[[ TASK INPUTS, beginning ]]

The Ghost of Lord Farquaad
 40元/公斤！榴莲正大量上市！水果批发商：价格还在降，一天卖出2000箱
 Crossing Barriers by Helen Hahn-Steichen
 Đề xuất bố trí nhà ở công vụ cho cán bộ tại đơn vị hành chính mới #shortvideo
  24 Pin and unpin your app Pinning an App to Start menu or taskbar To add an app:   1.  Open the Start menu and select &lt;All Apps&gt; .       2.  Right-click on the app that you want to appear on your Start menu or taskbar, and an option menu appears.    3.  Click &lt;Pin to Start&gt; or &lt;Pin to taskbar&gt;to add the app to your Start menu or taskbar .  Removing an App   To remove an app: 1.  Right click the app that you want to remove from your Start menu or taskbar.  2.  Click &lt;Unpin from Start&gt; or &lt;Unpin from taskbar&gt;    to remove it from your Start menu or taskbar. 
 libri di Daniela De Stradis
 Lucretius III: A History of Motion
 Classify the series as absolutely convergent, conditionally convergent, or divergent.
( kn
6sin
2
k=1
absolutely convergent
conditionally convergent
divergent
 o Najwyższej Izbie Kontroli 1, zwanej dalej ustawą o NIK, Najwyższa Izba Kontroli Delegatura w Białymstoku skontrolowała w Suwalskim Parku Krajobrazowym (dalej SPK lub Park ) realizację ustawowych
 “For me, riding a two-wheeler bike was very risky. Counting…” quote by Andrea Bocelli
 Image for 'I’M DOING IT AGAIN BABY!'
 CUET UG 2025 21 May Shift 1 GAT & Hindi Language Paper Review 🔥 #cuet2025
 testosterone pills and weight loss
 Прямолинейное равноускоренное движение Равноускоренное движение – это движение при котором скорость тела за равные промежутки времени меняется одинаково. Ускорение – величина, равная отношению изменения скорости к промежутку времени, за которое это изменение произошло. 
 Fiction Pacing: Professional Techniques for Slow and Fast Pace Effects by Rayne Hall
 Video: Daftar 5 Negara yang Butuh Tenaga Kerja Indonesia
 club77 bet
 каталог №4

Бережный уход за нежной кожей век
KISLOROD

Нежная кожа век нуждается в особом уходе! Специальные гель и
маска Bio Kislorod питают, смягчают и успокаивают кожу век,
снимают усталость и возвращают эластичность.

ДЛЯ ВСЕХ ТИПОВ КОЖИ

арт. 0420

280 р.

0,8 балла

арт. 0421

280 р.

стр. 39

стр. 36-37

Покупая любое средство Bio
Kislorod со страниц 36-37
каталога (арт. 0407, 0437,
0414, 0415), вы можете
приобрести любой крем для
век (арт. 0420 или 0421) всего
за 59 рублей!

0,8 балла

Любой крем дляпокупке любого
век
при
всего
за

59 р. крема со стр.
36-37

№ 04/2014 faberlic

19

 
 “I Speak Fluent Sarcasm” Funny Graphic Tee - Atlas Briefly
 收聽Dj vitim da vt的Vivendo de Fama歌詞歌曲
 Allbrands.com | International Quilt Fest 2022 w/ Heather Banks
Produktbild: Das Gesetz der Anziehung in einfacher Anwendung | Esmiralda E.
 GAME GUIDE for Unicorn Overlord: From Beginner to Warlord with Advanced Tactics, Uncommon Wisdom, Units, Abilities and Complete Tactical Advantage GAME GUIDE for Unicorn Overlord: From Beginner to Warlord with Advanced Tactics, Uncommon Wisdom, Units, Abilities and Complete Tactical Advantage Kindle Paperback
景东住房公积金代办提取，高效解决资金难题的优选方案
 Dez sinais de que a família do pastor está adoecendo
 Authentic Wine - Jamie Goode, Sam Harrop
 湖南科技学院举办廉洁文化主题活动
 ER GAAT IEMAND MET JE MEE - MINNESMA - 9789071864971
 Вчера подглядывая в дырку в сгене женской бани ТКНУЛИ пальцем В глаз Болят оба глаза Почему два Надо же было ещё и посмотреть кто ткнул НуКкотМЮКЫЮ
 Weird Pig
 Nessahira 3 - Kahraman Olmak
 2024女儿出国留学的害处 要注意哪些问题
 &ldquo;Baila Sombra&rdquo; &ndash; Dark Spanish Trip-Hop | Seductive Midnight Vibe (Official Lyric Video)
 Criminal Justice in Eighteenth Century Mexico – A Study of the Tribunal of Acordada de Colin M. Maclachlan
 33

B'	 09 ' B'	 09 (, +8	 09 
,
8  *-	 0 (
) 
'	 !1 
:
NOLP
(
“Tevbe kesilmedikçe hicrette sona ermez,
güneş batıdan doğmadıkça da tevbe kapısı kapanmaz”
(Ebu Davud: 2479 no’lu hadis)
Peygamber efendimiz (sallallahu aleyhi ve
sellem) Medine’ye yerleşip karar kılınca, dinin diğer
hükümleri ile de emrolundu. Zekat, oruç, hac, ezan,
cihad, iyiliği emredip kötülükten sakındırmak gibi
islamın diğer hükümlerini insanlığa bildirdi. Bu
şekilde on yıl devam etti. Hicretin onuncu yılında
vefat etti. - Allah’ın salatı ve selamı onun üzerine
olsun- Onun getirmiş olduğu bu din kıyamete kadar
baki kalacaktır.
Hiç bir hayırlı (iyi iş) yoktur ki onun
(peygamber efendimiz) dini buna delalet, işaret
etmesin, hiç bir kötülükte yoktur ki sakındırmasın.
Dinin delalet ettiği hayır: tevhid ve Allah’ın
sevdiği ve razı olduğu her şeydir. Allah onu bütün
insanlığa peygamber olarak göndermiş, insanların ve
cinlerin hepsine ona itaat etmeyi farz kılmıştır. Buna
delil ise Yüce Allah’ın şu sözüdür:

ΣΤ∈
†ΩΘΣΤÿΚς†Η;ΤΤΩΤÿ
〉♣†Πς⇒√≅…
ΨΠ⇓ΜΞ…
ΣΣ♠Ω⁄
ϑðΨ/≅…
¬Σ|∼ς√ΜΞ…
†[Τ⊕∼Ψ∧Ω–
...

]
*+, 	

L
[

[[ TASK INPUTS, end ]]

• [EXERCISE BRIEF]: Retype, exactly and in full, the lines above from the one containing "ДЛЯ ВСЕХ ТИПОВ КОЖИ" through the one containing "Produktbild: Das Gesetz".

• [RESPONSE BELOW]:
ДЛЯ ВСЕХ ТИПОВ КОЖИ

арт. 0420

280 р.

0,8 балла

арт. 0421

280 р.

стр. 39

стр. 36-37

Покупая любое средство Bio
Kislorod со страниц 36-37
каталога (арт. 0407, 0437,
0414, 0415), вы можете
приобрести любой крем для
век (арт. 0420 или 0421) всего
за 59 рублей!

0,8 балла

Любой крем дляпокупке любого
век
при
всего
за

59 р. крема со стр.
36-37

№ 04/2014 faberlic

19

 
 “I Speak Fluent Sarcasm” Funny Graphic Tee - Atlas Briefly
 收聽Dj vitim da vt的Vivendo de Fama歌詞歌曲
 Allbrands.com | International Quilt Fest 2022 w/ Heather Banks
Produktbild: Das Gesetz der Anziehung in einfacher Anwendung | Esmiralda E.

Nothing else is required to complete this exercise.